**Exercise data**
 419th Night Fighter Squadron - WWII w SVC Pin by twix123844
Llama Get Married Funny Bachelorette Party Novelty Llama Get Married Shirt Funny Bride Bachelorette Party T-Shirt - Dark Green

...

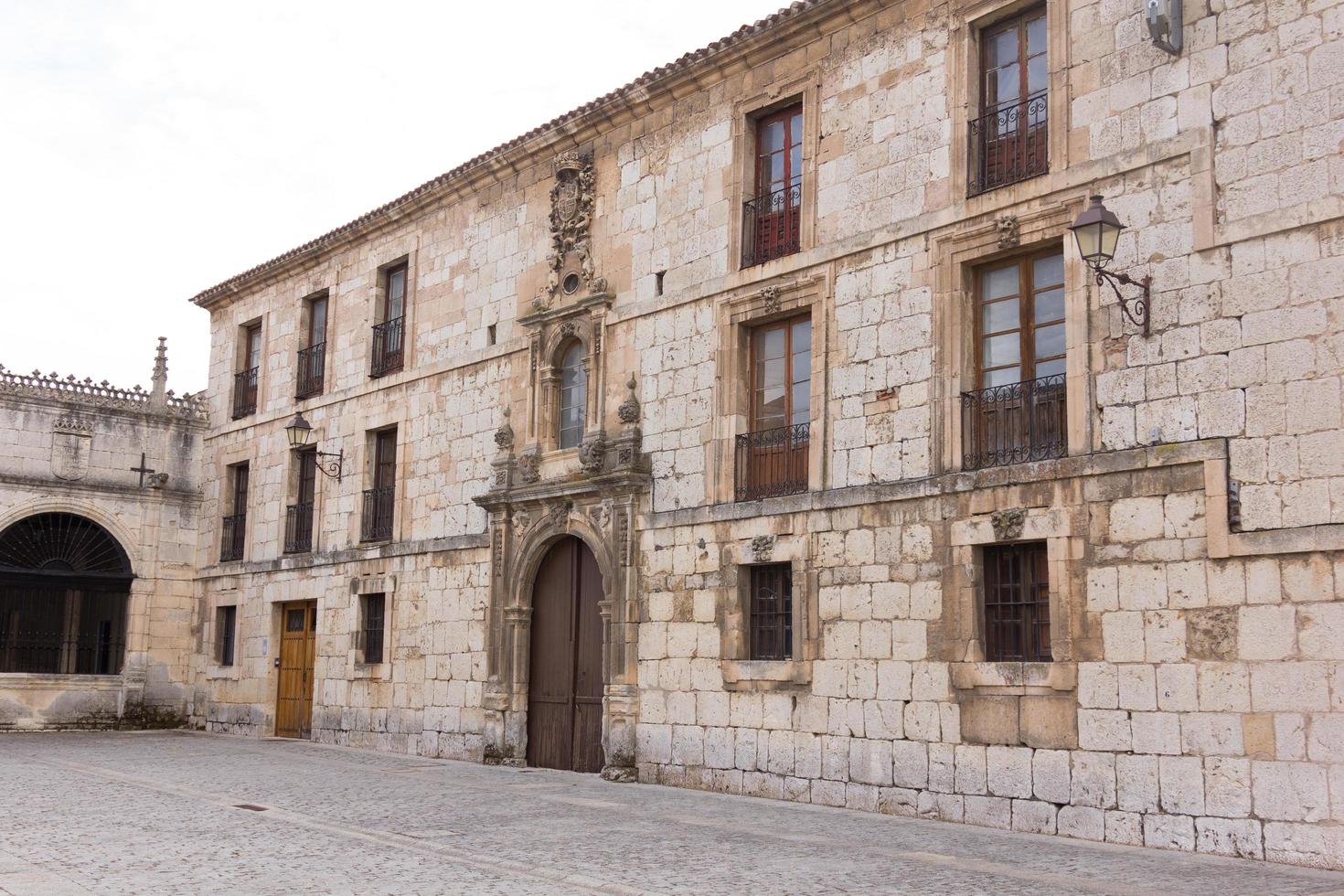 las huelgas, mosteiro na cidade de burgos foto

**Exercise details**
Return exactly the lines above from the line that has "419th Night Fighter" through the line that has "Llama Get Married Funny", inclusive, and nothing else.

**Output of the exercise**
 419th Night Fighter Squadron - WWII w SVC Pin by twix123844
Llama Get Married Funny Bachelorette Party Novelty Llama Get Married Shirt Funny Bride Bachelorette Party T-Shirt - Dark Green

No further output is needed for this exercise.